[Opening INFORMATION GIVEN section]
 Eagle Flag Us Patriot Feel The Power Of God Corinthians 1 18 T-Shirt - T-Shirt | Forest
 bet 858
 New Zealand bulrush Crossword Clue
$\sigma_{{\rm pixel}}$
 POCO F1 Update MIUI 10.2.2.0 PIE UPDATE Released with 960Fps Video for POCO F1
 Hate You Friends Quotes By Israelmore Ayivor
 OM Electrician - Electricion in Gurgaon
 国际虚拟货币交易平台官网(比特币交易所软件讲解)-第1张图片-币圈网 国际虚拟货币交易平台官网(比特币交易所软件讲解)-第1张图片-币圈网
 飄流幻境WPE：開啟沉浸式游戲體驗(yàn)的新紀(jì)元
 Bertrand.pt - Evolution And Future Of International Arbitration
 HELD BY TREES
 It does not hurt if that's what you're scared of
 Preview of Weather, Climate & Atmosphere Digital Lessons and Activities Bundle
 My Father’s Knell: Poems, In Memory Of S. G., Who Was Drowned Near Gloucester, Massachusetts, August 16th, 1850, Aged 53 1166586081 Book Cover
[Closing INFORMATION GIVEN section]
* **WHAT TO WORK ON**: Lines from the one that contains "HELD BY TREES" through the final line of the entries must be duplicated exactly, and no other lines.

* **FINAL ANSWER**:
 HELD BY TREES
 It does not hurt if that's what you're scared of
 Preview of Weather, Climate & Atmosphere Digital Lessons and Activities Bundle
 My Father’s Knell: Poems, In Memory Of S. G., Who Was Drowned Near Gloucester, Massachusetts, August 16th, 1850, Aged 53 1166586081 Book Cover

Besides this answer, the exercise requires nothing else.